New discoveries dating back 9000 years have been found in Skokholm, located in the Celtic Sea two miles off the southwestern Pembrokeshire coast. Researchers think these discoveries will change the history of the island.
Wardens Richard Brown and Giselle Eagle, currently alone on the closed island, picked a smooth rectangular stone from a rabbit hole near the island hut earlier this month.
According to the news of Western Telegraph In, Dr. Andrew David, an expert on prehistoric stone tools, said:
“The photos were clearly of a late Mesolithic (Middle Stone Age) beveled pebble, a tool thought to have been used in tasks like the preparation of seal hides for making skin-clad watercraft, or for processing foods such as shellfish, among hunter-gatherer communities some 6,000-9,000 years ago.
“Although these types of tools are well known on coastal sites on mainland Pembrokeshire and Cornwall, as well as into Scotland and northern France, this is the first example from Skokholm, and the first firm evidence for Late Mesolithic occupation on the island.”
He added: “To find an example on Skokholm is exciting.”
In addition to finding a second Mesolithic stone tool the next day, Richard and Giselle also noticed large pieces of coarse pottery being thrown out of the same rabbit hole.
Jody Deacon, curator of prehistoric archaeology at Amgueddfa Cymru – National Museum Wales, noted the fragment from a thick-walled pot with incised lines to likely be the rim of an Early Bronze Age vase urn, an item associated with cremation burials.
These pots, which are about 3750 years old, are unusual for West Wales. This type of pottery was first found on the island of Pembrokeshire.
Dr. Toby Driver and Dr. Louise Barker of the Royal Commission of Wales conducted archaeological investigations on the nearby islands of Skomer, Grassholm, and Ramsey.
Experts have plans to visit Skokholm with other experts in late 2021.
Dr. Toby Driver said: “We know from past aerial surveys and airborne laser scanning by the Royal Commission that Skokholm has the remains of some prehistoric fields and settlements, though none has ever been excavated.

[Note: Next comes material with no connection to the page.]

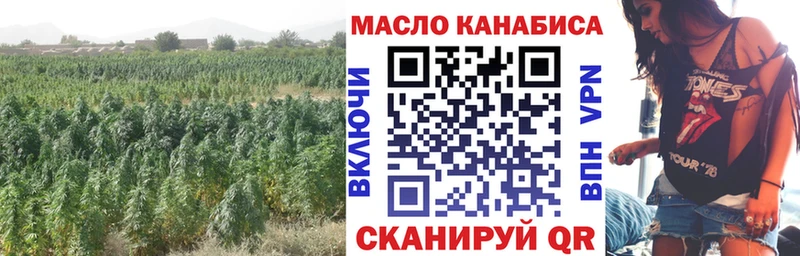 как найти закладки  Котлас  Дистиллят ТГК жижа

“Now Skokholm is producing some amazing prehistoric finds. It seems we may have an Early Bronze burial mound built over a Middle Stone Age hunter-gatherer site, disturbed by rabbits. It’s a sheltered spot, where the island’s cottage now stands and has clearly been settled for millennia.
“Thanks to the sharp eyes of the wardens we have the first confirmed Mesolithic tools and first Bronze Age pottery from Skokholm. To date, we have nothing similar to the larger islands of Skomer or Ramsey.
“Despite lockdown, the Skokholm wardens have been able to share detailed photographs and videos of their daily finds with experts around Wales. It means we can all share in the excitement of these new discoveries.”
It seems that the island of Skokholm will continue to surprise us in the coming days. With its long, sandstone cliffs and wild scenery, Skokholm has its own charm, and this island can enchant people also with its history. We look forward to developments.